◆ **The problem**: Set the records down again. Match every line exactly.

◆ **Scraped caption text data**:
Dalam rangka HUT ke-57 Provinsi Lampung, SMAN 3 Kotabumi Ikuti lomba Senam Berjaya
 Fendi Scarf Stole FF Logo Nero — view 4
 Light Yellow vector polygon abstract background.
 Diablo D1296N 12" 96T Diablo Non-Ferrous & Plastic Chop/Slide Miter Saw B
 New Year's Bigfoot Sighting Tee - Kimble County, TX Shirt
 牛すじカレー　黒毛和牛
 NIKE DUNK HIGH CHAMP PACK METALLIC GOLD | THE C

◆ **Task response**:
Dalam rangka HUT ke-57 Provinsi Lampung, SMAN 3 Kotabumi Ikuti lomba Senam Berjaya
 Fendi Scarf Stole FF Logo Nero — view 4
 Light Yellow vector polygon abstract background.
 Diablo D1296N 12" 96T Diablo Non-Ferrous & Plastic Chop/Slide Miter Saw B
 New Year's Bigfoot Sighting Tee - Kimble County, TX Shirt
 牛すじカレー　黒毛和牛
 NIKE DUNK HIGH CHAMP PACK METALLIC GOLD | THE C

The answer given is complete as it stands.